MUMBAI: Cocaine culture is reportedly taking over the city. Prices have been halved over the past six months from Rs 3,000 per gram to Rs 1,500 and the quality of the powder has improved.

In fact, there isn't even need to patronise seedy peddlars in dark streets. A dial-a-vial system ensures that the drug will be supplied at a customer's doorstep within 15 minutes of placing the order.

Drug rehabilitation organisations are concerned at the trend. They say that the cocaine glut has got many college-going youngsters hooked on the narcotic. While earlier, Mumbai's cocaine addicts could be counted on the fingers, there are an estimated 10,000 users today," said Dr Yusuf Merchant of the Drug Abuse Information Rehabilitation and Research Centre at a press conference on Wednesday.

Dr Merchant said that the drug is now entering the country through Pakistan, already an established route for smuggling in heroin. Previously, cocaine entered the country mainly through Africa and was smuggled in by individuals who swallowed parcels of the drug. The supply was thus limited," he said. Now, because the Pakistan route is being used, it is coming in trucks and other vehicles."

He said that the quality of cocaine available in Mumbai proved that the drug came from Pakistan. Our theory is that terrorist outfits are pumping the drug into the country. It is part of the larger narco-terrorism," Dr Merchant said.

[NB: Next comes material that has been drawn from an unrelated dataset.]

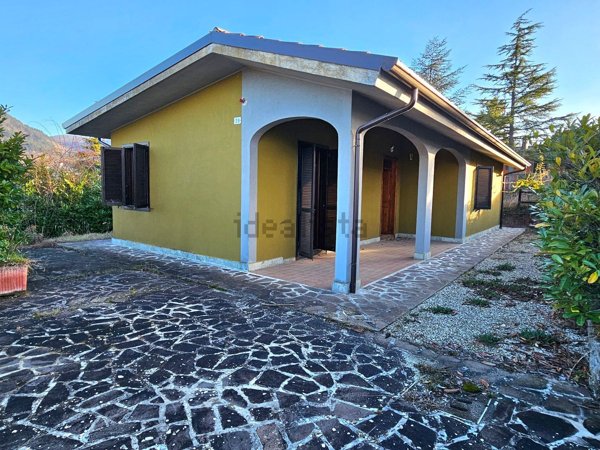 casa indipendente in vendita a Val di Nizza in zona Sant'Albano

He noted that in sharp contrast to narcotics like heroin that were considered downmarket, using cocaine is thought to be hip. Parties where hosts dispense cocaine as freely as Scotch are considered the most happening in the city," he claimed.

While in the past, cocaine was a recreational drug mainly for students who had returned from the U.S., it is now within very easy reach of our own undergraduates," Dr Merchant said. And this could lead to several other problems, such as rise in sexual promiscuity and thereby further spread of AIDS." Cocaine is believed to increase the sex drive.

A U.S.-based organisation called Narconon International, whose representatives were present at the meeting on Wednesday, has offered to train Indian doctors and activists to deal with rehabilitating cocaine addicts. The organisation employs a no-drug therapy, liberally using mineral and vitamin supplements for its rehabilitation programmes, said Narconon president Clark Carr.

Over the next week, Narconon members will conduct workshops on drug abuse at several city colleges, including Nirmala Niketam, St Xavier's, Wilson and Khalsa. They will also interact with doctors of municipal hospitals. Narconon will shortly set up its own rehabilitation centre in the city, Carr said.